An obvious candidate is grilled chicken. These chicken thighs were sprayed with a tiny amount of oil, then rolled in seasoned flour. They came out very nicely, and were perfectly juicy and tender, and crispy on the outside.


So a success, but not noticeably better or quicker than using the oven or the grill. Still, we had at least scored a draw.

Then, inspiration struck. It’s been years since we attempted home-made falafels. Home-made from the ground up, I mean, not from a packet mix. Even the packet ones can be a nightmare to fry, since too dry a mixture and they break up, and too wet leaves them heavy and unappetising. And, of course, they are highly calorific. I always tend to think that vegetarian must equal healthy, but it isn’t always so!

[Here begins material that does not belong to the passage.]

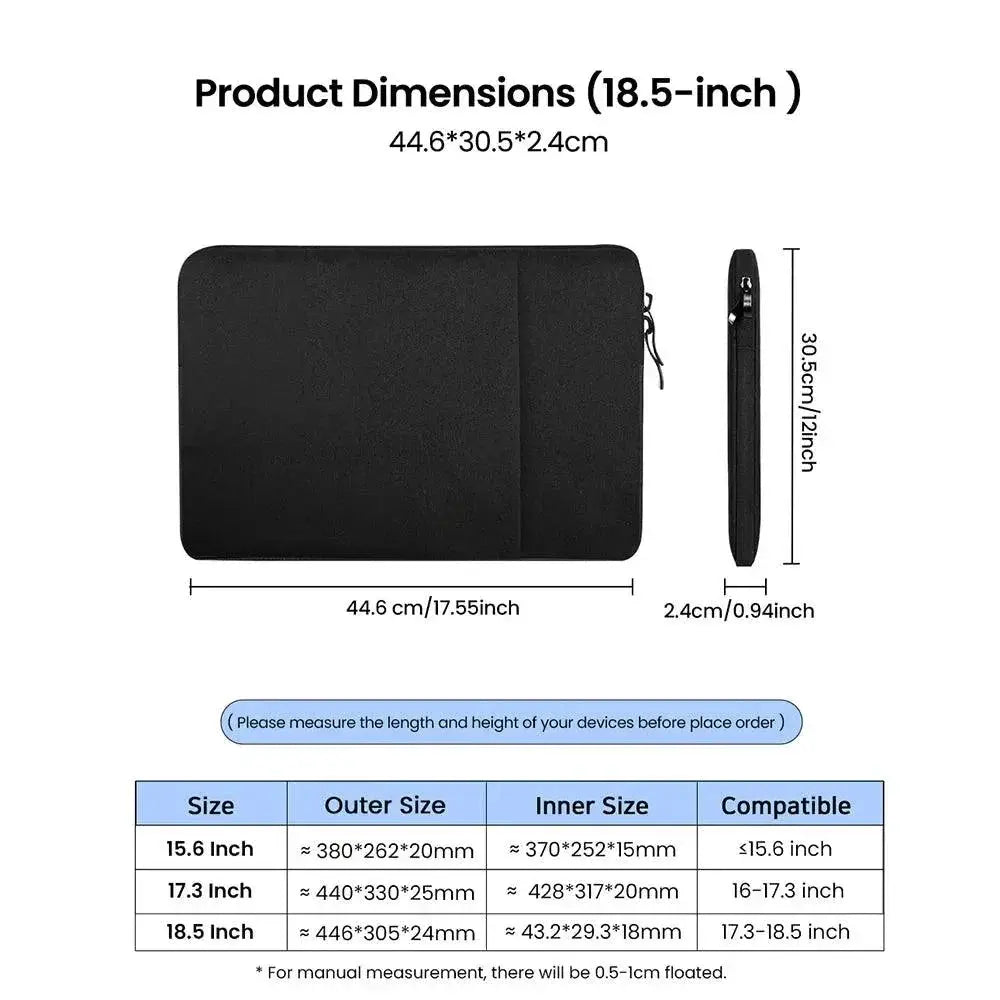 Cdisplay MacBook Pro Laptop Sleeve 17.3 Inch Notebook Bag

Anyway, an initial experiment with a packet mix was pretty good, so we used Tori Avey’s recipe here. Before putting them in the Airfryer, we sprayed them with a little oil, then rolled them in breadcrumbs. Success!


Crispy outside, and perfectly soft and spicy inside. They’re not quite the same as the traditional fried article, but tasty nonetheless. At last, a modest win for the Airfryer.

It’ll do other things, too, like roast a few cloves of garlic in a hurry


or roast a pepper or an aubergine ready for further processing, albeit still not very evenly cooked. It doesn’t add up to something that will earn its keep.

I had a bit of a play to see if I could find out why the surface of so many foods is blotchy and uneven, in spite of frequently shaking the basket and turning the food over.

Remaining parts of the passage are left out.